Inslee was noncommittal when asked at a press conference Thursday outside Oberto about where he stood on increasing the gas tax.
“We stand for investment,” he said.
Inslee, a Democrat, added that people might see a gas tax hike as reasonable because they could see the benefits.
He urged legislators to compromise. “To get a transportation package, we need legislators to not insist on their ideological viewpoints,” he said.
Inslee’s two predecessors — Democratic governors Gary Locke and Chris Gregoire — lobbied hard for gas tax increases in 2003 and 2005, respectively. This time, the Republican-led Senate initiated the push for a gas tax hike, which has won support from some agriculture exporters.
Washington exported $730 million worth of frozen potatoes last year through the Seattle and Tacoma ports. The Washington State Potato Commission supports raising the gas tax if the extra revenue goes toward improving Interstate 90 over the Cascades and state routes that link I-90 and Interstate 5 to the ports, the commission’s director of governmental relations, Matt Harris, said.

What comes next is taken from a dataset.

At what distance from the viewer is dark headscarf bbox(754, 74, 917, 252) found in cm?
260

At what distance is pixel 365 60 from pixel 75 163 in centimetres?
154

Anderson Hay & Grain of Ellensburg makes two deliveries a day to the Seattle and Tacoma ports. CEO and President Mark T. Anderson said he supports the gas tax increase, assuming the result is a better maintained I-90 and less congestion around the ports.
“There’s consensus about the projects and the maintenance needs. I don’t think there’s any consensus on trust about how these funds get used,” he said.
Inslee’s appearance at Oberto highlighted a long-delayed plan to extend State Route 167 between Puyallup and Tacoma. The new section of highway would help trucks traveling between I-90 and the Port of Tacoma avoid backups on I-5.
The company’s patriarch, 87-year-old Art Oberto, said the investment would have lasting benefit for his company. “This is definitely something that’s going to have residual value,” he said.